Information supplied:
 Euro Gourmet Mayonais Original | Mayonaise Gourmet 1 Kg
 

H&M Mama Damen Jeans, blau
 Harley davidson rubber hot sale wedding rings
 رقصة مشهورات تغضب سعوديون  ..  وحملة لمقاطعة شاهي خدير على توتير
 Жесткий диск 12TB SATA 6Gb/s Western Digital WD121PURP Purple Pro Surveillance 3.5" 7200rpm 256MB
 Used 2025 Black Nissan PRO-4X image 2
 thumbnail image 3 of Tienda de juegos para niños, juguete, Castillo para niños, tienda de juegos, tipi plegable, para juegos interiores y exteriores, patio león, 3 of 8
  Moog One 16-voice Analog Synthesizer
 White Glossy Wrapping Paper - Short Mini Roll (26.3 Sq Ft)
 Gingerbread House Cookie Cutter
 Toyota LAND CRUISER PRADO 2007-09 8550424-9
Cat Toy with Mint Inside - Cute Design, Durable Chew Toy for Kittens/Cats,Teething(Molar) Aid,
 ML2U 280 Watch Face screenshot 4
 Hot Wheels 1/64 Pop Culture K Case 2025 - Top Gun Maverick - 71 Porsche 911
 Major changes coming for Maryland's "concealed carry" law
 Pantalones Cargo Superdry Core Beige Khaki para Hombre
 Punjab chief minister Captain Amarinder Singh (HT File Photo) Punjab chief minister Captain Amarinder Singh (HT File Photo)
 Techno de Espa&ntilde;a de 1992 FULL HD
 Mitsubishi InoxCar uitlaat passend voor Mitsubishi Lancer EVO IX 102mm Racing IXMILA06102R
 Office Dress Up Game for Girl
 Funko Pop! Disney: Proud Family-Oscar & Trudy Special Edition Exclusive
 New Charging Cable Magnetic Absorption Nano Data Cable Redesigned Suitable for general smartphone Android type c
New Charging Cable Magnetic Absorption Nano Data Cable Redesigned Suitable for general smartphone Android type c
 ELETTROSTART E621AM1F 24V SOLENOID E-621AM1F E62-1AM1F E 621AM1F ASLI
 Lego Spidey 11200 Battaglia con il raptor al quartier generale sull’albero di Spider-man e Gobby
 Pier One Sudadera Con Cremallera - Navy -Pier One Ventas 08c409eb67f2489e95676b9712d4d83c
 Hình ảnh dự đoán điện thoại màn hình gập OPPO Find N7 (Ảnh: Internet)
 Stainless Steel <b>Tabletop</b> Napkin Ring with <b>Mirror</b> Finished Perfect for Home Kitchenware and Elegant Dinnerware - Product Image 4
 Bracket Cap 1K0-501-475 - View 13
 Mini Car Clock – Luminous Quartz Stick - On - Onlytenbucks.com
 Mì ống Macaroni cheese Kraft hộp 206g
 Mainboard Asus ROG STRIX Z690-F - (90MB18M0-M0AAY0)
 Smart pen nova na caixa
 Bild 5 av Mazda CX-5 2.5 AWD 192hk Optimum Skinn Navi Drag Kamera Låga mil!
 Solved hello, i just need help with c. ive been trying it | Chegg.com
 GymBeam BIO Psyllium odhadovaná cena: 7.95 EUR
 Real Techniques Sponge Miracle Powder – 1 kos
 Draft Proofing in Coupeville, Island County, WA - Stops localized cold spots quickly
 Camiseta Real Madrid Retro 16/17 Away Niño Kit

Aim of the task:
Please copy out the records exactly as they appear.

Solution below:
 Euro Gourmet Mayonais Original | Mayonaise Gourmet 1 Kg
 

H&M Mama Damen Jeans, blau
 Harley davidson rubber hot sale wedding rings
 رقصة مشهورات تغضب سعوديون  ..  وحملة لمقاطعة شاهي خدير على توتير
 Жесткий диск 12TB SATA 6Gb/s Western Digital WD121PURP Purple Pro Surveillance 3.5" 7200rpm 256MB
 Used 2025 Black Nissan PRO-4X image 2
 thumbnail image 3 of Tienda de juegos para niños, juguete, Castillo para niños, tienda de juegos, tipi plegable, para juegos interiores y exteriores, patio león, 3 of 8
  Moog One 16-voice Analog Synthesizer
 White Glossy Wrapping Paper - Short Mini Roll (26.3 Sq Ft)
 Gingerbread House Cookie Cutter
 Toyota LAND CRUISER PRADO 2007-09 8550424-9
Cat Toy with Mint Inside - Cute Design, Durable Chew Toy for Kittens/Cats,Teething(Molar) Aid,
 ML2U 280 Watch Face screenshot 4
 Hot Wheels 1/64 Pop Culture K Case 2025 - Top Gun Maverick - 71 Porsche 911
 Major changes coming for Maryland's "concealed carry" law
 Pantalones Cargo Superdry Core Beige Khaki para Hombre
 Punjab chief minister Captain Amarinder Singh (HT File Photo) Punjab chief minister Captain Amarinder Singh (HT File Photo)
 Techno de Espa&ntilde;a de 1992 FULL HD
 Mitsubishi InoxCar uitlaat passend voor Mitsubishi Lancer EVO IX 102mm Racing IXMILA06102R
 Office Dress Up Game for Girl
 Funko Pop! Disney: Proud Family-Oscar & Trudy Special Edition Exclusive
 New Charging Cable Magnetic Absorption Nano Data Cable Redesigned Suitable for general smartphone Android type c
New Charging Cable Magnetic Absorption Nano Data Cable Redesigned Suitable for general smartphone Android type c
 ELETTROSTART E621AM1F 24V SOLENOID E-621AM1F E62-1AM1F E 621AM1F ASLI
 Lego Spidey 11200 Battaglia con il raptor al quartier generale sull’albero di Spider-man e Gobby
 Pier One Sudadera Con Cremallera - Navy -Pier One Ventas 08c409eb67f2489e95676b9712d4d83c
 Hình ảnh dự đoán điện thoại màn hình gập OPPO Find N7 (Ảnh: Internet)
 Stainless Steel <b>Tabletop</b> Napkin Ring with <b>Mirror</b> Finished Perfect for Home Kitchenware and Elegant Dinnerware - Product Image 4
 Bracket Cap 1K0-501-475 - View 13
 Mini Car Clock – Luminous Quartz Stick - On - Onlytenbucks.com
 Mì ống Macaroni cheese Kraft hộp 206g
 Mainboard Asus ROG STRIX Z690-F - (90MB18M0-M0AAY0)
 Smart pen nova na caixa
 Bild 5 av Mazda CX-5 2.5 AWD 192hk Optimum Skinn Navi Drag Kamera Låga mil!
 Solved hello, i just need help with c. ive been trying it | Chegg.com
 GymBeam BIO Psyllium odhadovaná cena: 7.95 EUR
 Real Techniques Sponge Miracle Powder – 1 kos
 Draft Proofing in Coupeville, Island County, WA - Stops localized cold spots quickly
 Camiseta Real Madrid Retro 16/17 Away Niño Kit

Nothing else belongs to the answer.